Il existe des pellicules, rares à vrai dire, qui font la boucle pour toucher du bout du doigt le sublime. À naviguer dans les marais d'un surréalisme qui engloutit jusqu'à son auteur, et à force de ralentis aussi psychotiques que mille chats affamés, La noche de los mil gatos fait partie de cette espèce. Même le montage accède parfois au suprême. On pense aux Chasses du comte Zaroff en version "Predator per Seductor", et ce n'est pas le moindre compliment qu'on puisse faire à René Cardona Jr.
Touristique, redondant, léthargique, tels sont les termes dont on affuble en général La nuit des mille chats. S'ils ne sont pas volés, selon l'humeur du moment, on aura aussi le droit de trouver cette variation sur le thème de Barbe-bleue hypnotique ; à plus forte raison sur sa version non écourtée, celle de 93 minutes (pour une trentaine de minutes de Barbe-bleue version Supercopter).
Coécrit et co-produit avec son acolyte Mario A. Zacarías, au rayon "Chats mexicains", La noche de los mil gatos ne pourra jamais prétendre rivaliser avec l'unique chat de Más negro que la noche. Cependant, moins terre-à-terre qu'un chat canado-britannique de "The Uncanny", il peut se targuer de posséder une somptueuse photographie due au très talentueux Alex Phillips ("Mains criminelles" de Roberto Gavaldón, "Robinson Crusoe" et "La montée au ciel" de Luis Buñuel, jusqu'au "Château de la pureté" d'Arturo Ripstein). La partition de Raúl Lavista, qui composera du reste la musique de Más negro que la noche deux ans après et fort alors d'une carrière de déjà plus de trente ans et 250 films, contribue elle aussi à sa manière au côté "lounge" de la chose.

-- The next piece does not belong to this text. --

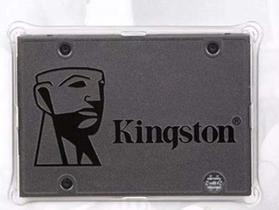 SSD Kingston A400, 480GB, SATA, Leitura 500MB/s, Gravação 450MB/s - SA400S37/480G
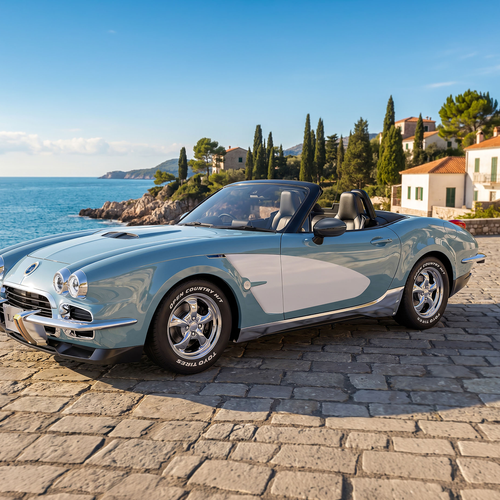 2027 Mitsuoka LA1 Front View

Un petit mot sur les acteurs enfin : Hugo Stiglitz, ici en tueur en série, hôte généreux d'un serviteur chauve et de félidés mieux nourris qu'à la SPA, est parfaitement ridicule et c'est pas plus mal ainsi. Également coproducteur de la chose, ce dernier est extrêmement populaire dans son pays et habitué à jouer pour Cardona Sr. ("Le mystère du triangle des Bermudes", "Cyclone", "Guyana - La secte de l'enfer"...). On le reverra entre autres hors de ses frontières dans L'avion de l'apocalypse (1980) d'Umberto Lenzi. Dorgo, le chauve inquiétant, est campé par Gerardo Zepeda. Ce dernier, après avoir côtoyé Santo et Blue Demon, sera aussi bien présent chez Alejandro Jodorowsky ("El topo") qu'aux côtés de Ringo Starr (L'homme des cavernes). Rayon pâtées pour chat, défilent pour nous caresser dans le sens du poil, Anjanette Comer ("La Bataille de San Sebastian", "The Baby" de Ted Post, Dead of Night...), Christa Linder (Le Commissaire X traque les chiens verts, Commissaire X : Halte au LSD, Le Dernier jour de la colère, Vagabundo en la lluvia...) ou encore, plus confinée à la seule production mexicaine, la jolie Zulma Faiad. Inutile, je pense, de compter puis de pointer les chats, disons qu'ils sont globalement très convaincants dans cette gamelle destinée à des spectateurs (très) avertis.